*** Opening of RECORDS SUPPLIED ***
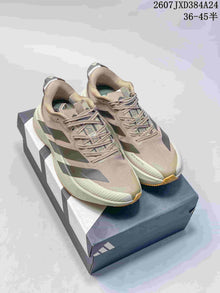 Adidas Adizero Pro Evo SL ATR Running Sneakers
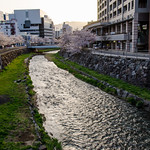 Matsumoto, Nagano / 松本（長野）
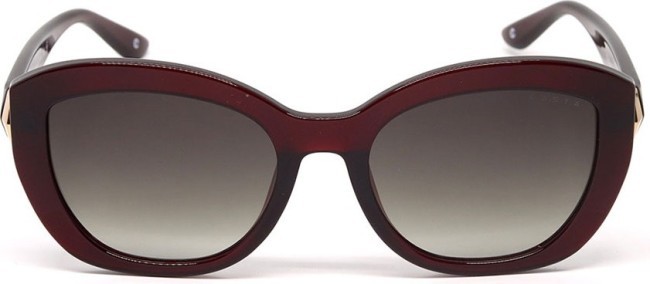 Сонцезахисні окуляри Casta CS 1054 RD Сонцезахисні окуляри Casta CS 1054 RD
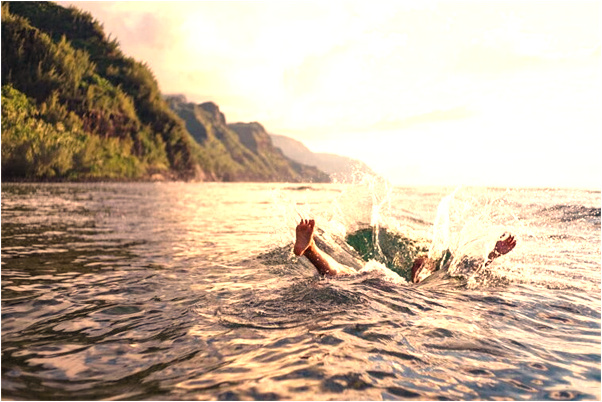 夢到屎坑裡有許多錢的預兆_周公解夢官網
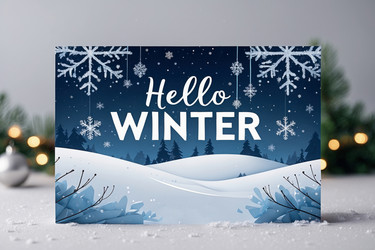 Similar image 22492955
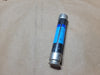 LITTELFUSE KLSR50 50A 600VAC Class RK1 Fast-Acting Current-Limiting Fuse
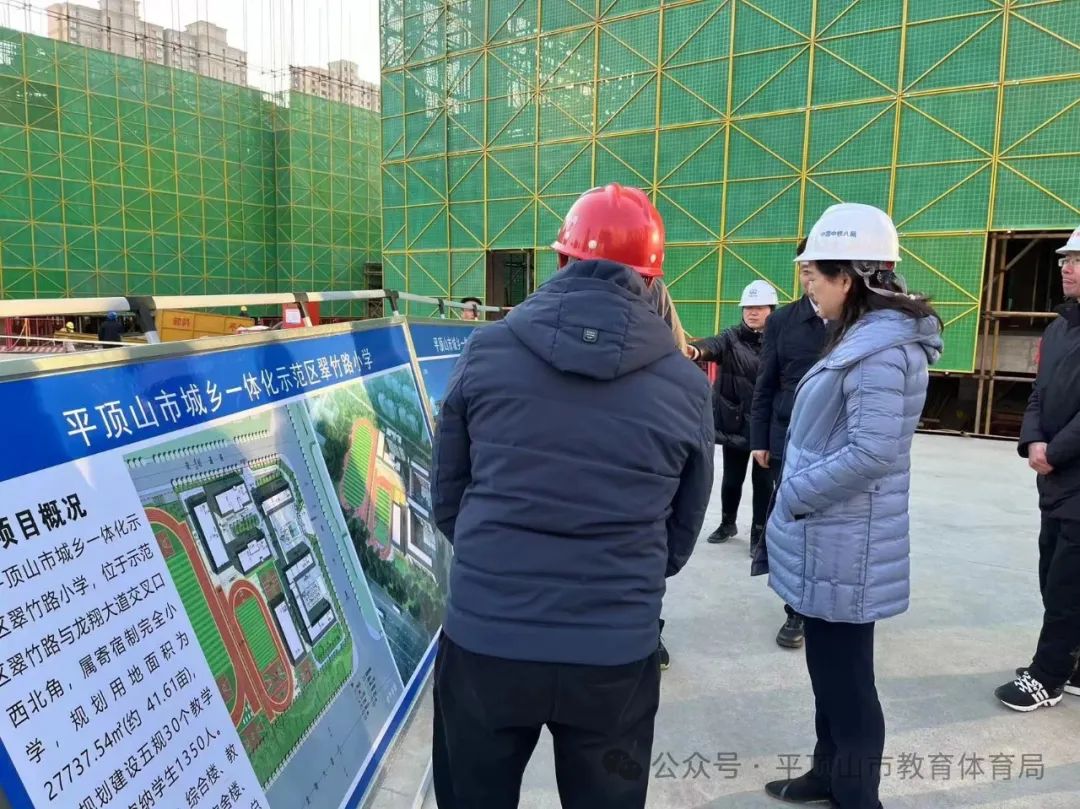 640 (1).jpg 640 (1).jpg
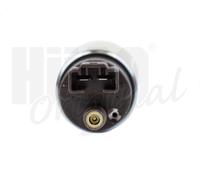 HITACHI 133179 Fuel pump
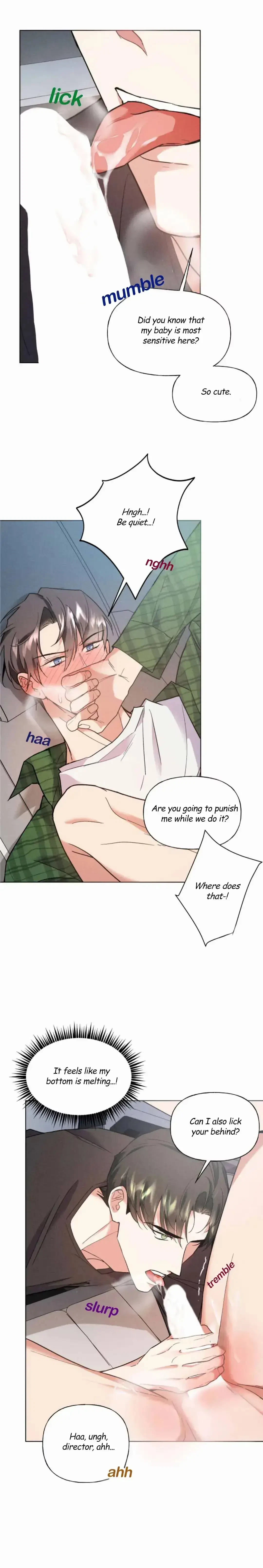 Chapter 15, page 16
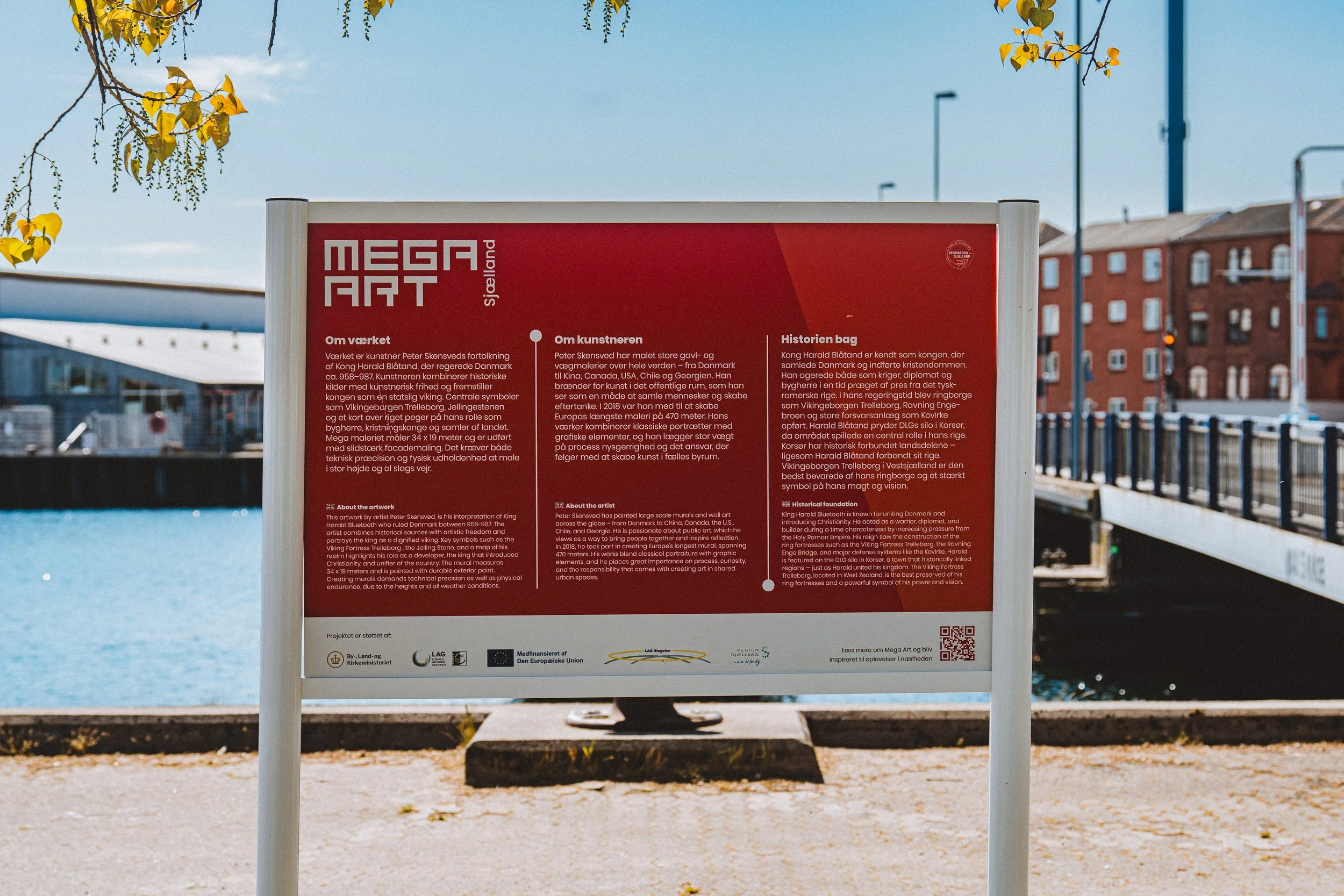 MEGA ART - Korsør-68.jpg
*** Close of RECORDS SUPPLIED ***
Take the records above from the line with "LITTELFUSE KLSR50 50A" down to their last line and please copy those lines exactly, without the pictures.

SOLUTION FOR THIS PROBLEM:
 LITTELFUSE KLSR50 50A 600VAC Class RK1 Fast-Acting Current-Limiting Fuse
 640 (1).jpg 640 (1).jpg
 HITACHI 133179 Fuel pump
 Chapter 15, page 16
 MEGA ART - Korsør-68.jpg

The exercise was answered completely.